In some implementations, the second output includes an OP_RETURN field that contains at least the first public key. In some implementations, the first output includes a pay-to-public-key-hash (P2PKH) operation referencing an address obtained as a hash of the second public key. In some implementations, the certificate authority holds a second private key corresponding to the second public key.

In some implementations the method may further include verifying the digital certificate. Verifying the digital certificate may include obtaining a copy of the certification transaction from a blockchain based on the certification transaction identifier in the digital certificate; determining that the first output is an unspent transaction output; and determining that the first public key contained in the second output in the certification transaction matches a public key in the digital certificate. In some such implementations, determining that the first output is an unspent transaction output includes determining that the first output is present in an unspent transaction output pool of the blockchain network.

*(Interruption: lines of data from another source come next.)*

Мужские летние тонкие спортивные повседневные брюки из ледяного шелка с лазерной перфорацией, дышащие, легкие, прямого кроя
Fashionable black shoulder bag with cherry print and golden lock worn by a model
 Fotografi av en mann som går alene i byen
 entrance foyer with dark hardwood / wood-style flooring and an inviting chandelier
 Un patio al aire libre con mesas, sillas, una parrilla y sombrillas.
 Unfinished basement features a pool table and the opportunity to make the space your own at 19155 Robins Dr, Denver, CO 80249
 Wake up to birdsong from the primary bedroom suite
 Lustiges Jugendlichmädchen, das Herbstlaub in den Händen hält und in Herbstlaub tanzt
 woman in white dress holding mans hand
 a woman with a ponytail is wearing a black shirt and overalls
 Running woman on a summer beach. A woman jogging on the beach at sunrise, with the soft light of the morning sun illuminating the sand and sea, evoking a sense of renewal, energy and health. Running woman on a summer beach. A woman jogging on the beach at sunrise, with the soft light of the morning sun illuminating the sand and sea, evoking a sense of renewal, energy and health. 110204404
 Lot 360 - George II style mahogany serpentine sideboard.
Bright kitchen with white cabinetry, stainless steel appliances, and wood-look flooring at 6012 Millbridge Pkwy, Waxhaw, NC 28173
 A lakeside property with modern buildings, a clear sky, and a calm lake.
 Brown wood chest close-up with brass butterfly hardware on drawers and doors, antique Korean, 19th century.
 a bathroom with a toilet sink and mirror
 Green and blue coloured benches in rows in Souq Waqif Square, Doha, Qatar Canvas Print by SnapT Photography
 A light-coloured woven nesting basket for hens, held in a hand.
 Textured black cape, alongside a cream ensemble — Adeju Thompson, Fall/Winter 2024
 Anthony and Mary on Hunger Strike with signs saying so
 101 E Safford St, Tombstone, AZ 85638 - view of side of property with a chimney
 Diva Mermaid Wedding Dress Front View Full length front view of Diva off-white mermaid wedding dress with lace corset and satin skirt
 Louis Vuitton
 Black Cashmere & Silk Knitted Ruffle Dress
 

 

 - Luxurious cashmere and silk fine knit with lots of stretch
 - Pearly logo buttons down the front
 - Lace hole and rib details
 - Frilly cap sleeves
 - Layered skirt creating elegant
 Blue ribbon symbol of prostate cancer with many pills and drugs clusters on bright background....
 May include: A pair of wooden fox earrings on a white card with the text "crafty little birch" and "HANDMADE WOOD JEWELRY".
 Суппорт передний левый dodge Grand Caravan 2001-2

In some such implementations, an input to the certification transaction may further include a certificate authority public key, and wherein verifying the digital certificate may further include determining that the certification transaction is signed by the certificate authority based on the certificate authority public key.

In some implementations, the method may further include revoking the digital certificate by generating a revocation transaction that includes, as an input, the first output of the certification transaction, and propagating the revocation transaction on the blockchain network.

In some implementations, the method may further include replacing the digital certificate with a new digital certificate for a new public key. Replacing may include creating a new certification transaction, wherein the new certification transaction includes as an input the first output of the certification transaction, a first new output to an new address based on a third public key, and a second new output having the information field, wherein the information field contains the new public key; determining a new certification transaction identifier from hashing the new certification transaction; and propagating the new certification transaction on the blockchain network. The new digital certificate may include the new public key and the new certification transaction identifier.

In some implementations, the information field is an OP_RETURN output.

In some implementations, the certification transaction includes an input referencing an unspent transaction outpoint address obtained from a hash of a certificate authority public key, and wherein the certification transaction includes an unlocking script for the unspent transaction outpoint address that includes the certificate authority public and the digital signature, and wherein the digital signature is generated based on a private key corresponding to the certificate authority public key.

In some implementations, the first output includes a multi-sig locking script enabling any one of two or more private keys to utilize the first output.

In a further aspect, the present application describes a computer-implemented method of verifying a digital certificate using a blockchain network. The digital certificate including a first public key and a certification transaction identifier. The method may include receiving the digital certificate from a first entity and obtaining a copy of the certification transaction from a blockchain based on the certification transaction identifier in the digital certificate, wherein the certification transaction includes a digital signature from a certificate authority, a first output to an address based on a second public key, and a second output having an information field. The method may further include determining that the information field contains a public key that matches the first public key in the digital certificate; querying an unspent transaction output pool to determine that the first output in the certification transaction has not been used in any subsequent transaction; and, based on those determinations, verifying that the first public key is certified valid.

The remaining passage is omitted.